JUNE 2010

Almost all Asian markets rose during the month, but they were off their intra-month highs, dragged down by a continuation of fiscal uncertainties in Europe, and the spectre of a weaker-than-expected US economic recovery.  Top gainers in the region were the smaller ASEAN markets like Thailand’s SET and Jakarta’s JCI which rose 6.5% and 5.3%, respectively, in US$ terms. During the month, the Dow Jones fell 3.6%, and the Nasdaq followed suit with a 6.5% decline.  The US dollar was mixed against Asian currencies with the Korean Won and the Indian Rupee weakening by 1.6%. 

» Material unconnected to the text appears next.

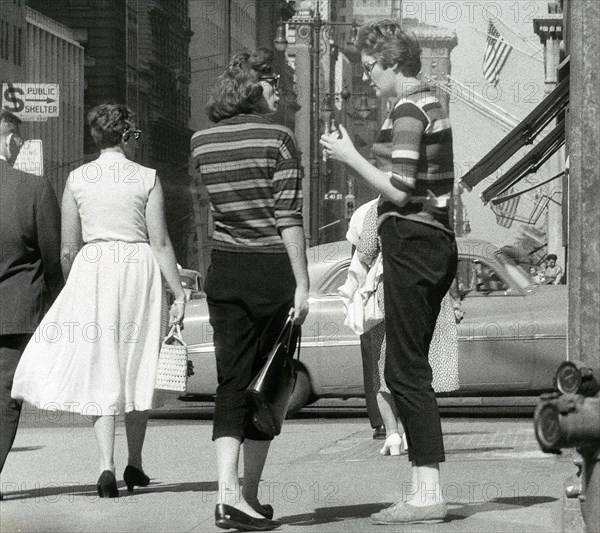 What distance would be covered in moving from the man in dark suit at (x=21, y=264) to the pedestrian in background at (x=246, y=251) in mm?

Over the last month, Asian markets have held up better than most developed markets but this relative outperformance versus developed markets is likely to disappear, in our view.  In the near term, markets may remain choppy and volatile, but it is increasingly likely that the Eurozone-G3 fiscal deterioration will eventually overwhelm the Asian recovery story. Meanwhile, Asian equity markets have clearly not corrected sufficiently to reflect this potential outcome.  On the contrary, risk appetite is rising in smaller ASEAN markets with many markets recently hitting 52-week highs or all time highs.

Our cautious tone has been shaped by the following factors. Firstly, the outstanding macro issues of fiscal weakness and sovereign indebtedness are better researched and understood by fixed income or credit analysts/investors and less so by players in the equity markets—as was the case in 2008. Second, recent Eurozone-G3 economic data have been discouraging and reinforce the idea that the economic rebound witnessed earlier this year is fizzling out given the expiration of some government fiscal measures. Third, G3 policy makers are not dealing with or not able to deal with the current fiscal problems in a co-ordinated manner given their respective fiscal problems.  Following the recently concluded meeting, the G20 communiqué made allowances for countries to respond individually, depending on their respective fiscal positions.  With that, the Eurozone has clearly pushed for fiscal consolidation while the US has pushed for growth over fiscal austerity. 

For Asian stock markets to hold up against the Eurozone-G3 deterioration, we foresee three possible policy actions: i) China must reverse its current tightening stance; ii) Asian policy makers must put renewed emphasis on a second round of fiscal stimulus; and iii) Asian nations, with their high trade surpluses, must allow their currencies to appreciate (we should caution that, traditionally, Asian policy makers have weakened—and not strengthened—their currencies during periods of global downturns in order to be able to export more competitively).  We believe that the political will to make this happen may come only after equity markets have corrected. 

We continue to hold a cautious view and can afford to be opportunistic during these times of volatility.  We prefer countries where valuations have fallen below their historical mean which include Hong Kong/China, Singapore and Korea.  We will continue to seek for value stocks in sectors that include selective commodities for the play in China and India domestic consumption, consumer-related play, as well as infrastructure and building materials that benefit from the fiscal stimulus programmes of the various countries. 

 

                                                                                                            

Disclaimer : Information herein has been obtained from and is based upon sources Pheim Unit Trusts believe to be reliable, we do not guarantee its accuracy and it may be incomplete or condensed. All opinions and estimates constitute Pheim Unit Trusts’ judgment as of the date of the report and are subject to change without notice. This report is for informational purposes only and is not intended as an offer or solicitation for the purchase or sale of units.